Tres años, sí, se dice pronto, tres años.
O por lo menos, tres o cuatro intentos. Ya perdí la cuenta.
Ese ha sido el tiempo que me ha tomado lograr la visa de residente acá en Ecuador. No voy relatar acá todo el proceso, no es algo apasionante, más bien desesperante a ratos diría yo, y la demora se debe seguro a una parte de mala suerte y otra parte de sorna burocrática: cambio de leyes, cambio de encargados, papeles que faltan, papeles que no están en los requisitos pero deben estar entre la documentación presentada, papeles que se pierden, días hábiles que no son tan hábiles... Todo un maremagnum, un torbellino de papeles, de idas y venidas, muchas veces sin saber si por fin se había fijado un rumbo definitivo.
Ahora, después de haber conseguido llegar al final, y de ver mi visa plasmada en el pasaporte y la cédula en la billetera, sonrío con cierto alivio y echo la vista atrás intentando recordar todos los vericuetos de este laberinto que por fin tuvo salida.
Debo reconocer, no obstante, que nunca me sentí perdido, o desamparado, o desesperado. Nunca me he sentido emigrante, extraño fuera de mi país. Yo tuve la suerte de venirme "porque me dio la gana", no me echó ninguna crisis, ninguna guerra, ninguna situación angustiosa, de esas que no deberían existir, que obligan a tantas y tantas personas a abandonar su país y comenzar de nuevo la vida en una tierra lejana que no conocen. Aún así, aunque como misionero siempre he tenido la suerte de sentirme arropado, seguro, acompañado, siempre con la familia cercana y presente, con amigos cerca y lejos, y aunque la gente anónima de este país siempre ha sido muy amable, no puedo sino solidarizarme y pensar en toda la pobre gente, acá y allá, en Ecuador, antes -y quizá todavía- en España, en los inmigrantes con y sobre todo sin papeles que lo arriesgan todo, expulsados por la vida, rechazados por esa otra nueva vida, intentando encontrar un lugar donde sembrar sus añoranzas y penas, intentado obtener ese papel que les diga quién son y dónde pueden estar, aunque en su fuero interno lo sepan muy bien, y como muchos no entienda qué es eso de las fronteras en un mundo que tan pronto se hace tan pequeño y hermano como a la vez inabarcable e inhóspito.

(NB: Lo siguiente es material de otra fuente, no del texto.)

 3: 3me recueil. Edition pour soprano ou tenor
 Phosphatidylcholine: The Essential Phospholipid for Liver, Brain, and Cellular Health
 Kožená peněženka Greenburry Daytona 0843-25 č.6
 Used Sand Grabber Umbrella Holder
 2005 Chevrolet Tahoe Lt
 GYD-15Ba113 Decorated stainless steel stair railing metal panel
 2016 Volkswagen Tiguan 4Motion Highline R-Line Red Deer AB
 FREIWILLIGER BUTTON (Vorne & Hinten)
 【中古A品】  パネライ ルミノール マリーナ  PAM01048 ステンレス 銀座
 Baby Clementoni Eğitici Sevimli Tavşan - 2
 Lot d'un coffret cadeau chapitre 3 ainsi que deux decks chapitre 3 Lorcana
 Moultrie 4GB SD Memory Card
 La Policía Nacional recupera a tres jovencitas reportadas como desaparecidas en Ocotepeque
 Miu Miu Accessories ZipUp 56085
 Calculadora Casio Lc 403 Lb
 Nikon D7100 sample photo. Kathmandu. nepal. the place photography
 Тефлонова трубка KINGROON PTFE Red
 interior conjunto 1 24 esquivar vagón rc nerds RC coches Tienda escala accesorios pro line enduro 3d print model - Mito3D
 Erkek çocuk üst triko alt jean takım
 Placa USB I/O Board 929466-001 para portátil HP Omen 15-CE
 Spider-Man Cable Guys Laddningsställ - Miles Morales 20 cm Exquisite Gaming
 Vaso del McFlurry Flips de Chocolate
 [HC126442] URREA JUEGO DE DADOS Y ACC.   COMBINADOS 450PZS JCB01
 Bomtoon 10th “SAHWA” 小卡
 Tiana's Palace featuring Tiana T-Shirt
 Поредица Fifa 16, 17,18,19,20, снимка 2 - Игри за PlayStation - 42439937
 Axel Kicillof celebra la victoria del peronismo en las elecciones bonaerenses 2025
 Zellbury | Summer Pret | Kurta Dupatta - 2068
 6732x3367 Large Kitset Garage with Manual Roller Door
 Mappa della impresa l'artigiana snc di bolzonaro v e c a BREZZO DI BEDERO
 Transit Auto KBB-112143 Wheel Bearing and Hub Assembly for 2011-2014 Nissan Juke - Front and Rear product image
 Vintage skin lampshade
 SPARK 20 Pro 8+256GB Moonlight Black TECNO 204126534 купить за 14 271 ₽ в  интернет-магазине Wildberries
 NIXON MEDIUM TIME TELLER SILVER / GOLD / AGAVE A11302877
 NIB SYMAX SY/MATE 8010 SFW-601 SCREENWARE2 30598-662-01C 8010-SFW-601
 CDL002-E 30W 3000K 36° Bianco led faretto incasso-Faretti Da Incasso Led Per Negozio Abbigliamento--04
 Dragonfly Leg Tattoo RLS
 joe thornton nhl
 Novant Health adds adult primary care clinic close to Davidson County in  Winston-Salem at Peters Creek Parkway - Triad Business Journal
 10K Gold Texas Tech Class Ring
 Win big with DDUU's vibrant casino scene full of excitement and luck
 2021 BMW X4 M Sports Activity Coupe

¡Qué duro tener que depender de un papel para poder ser!
Hoy más que nunca, miro a través de mi ventana, dejo a mi mente volar más allá de los edificios de esta enorme ciudad, busco a esos ojos que buscan amparo y prometo, con fuerza, en el fondo de mi corazón, no cerrar nunca la puerta de mi casa, de mi alma al desamparado.
No hará falta nunca un papel para entrar en mi casa. Y juntos, de la mano, juntaremos todos los papeles, en un collage que dará color y forma a nuestras vidas, vidas lejanas, vidas de hermanos y hermanas, sin pasaporte, sin sellos, sin fronteras.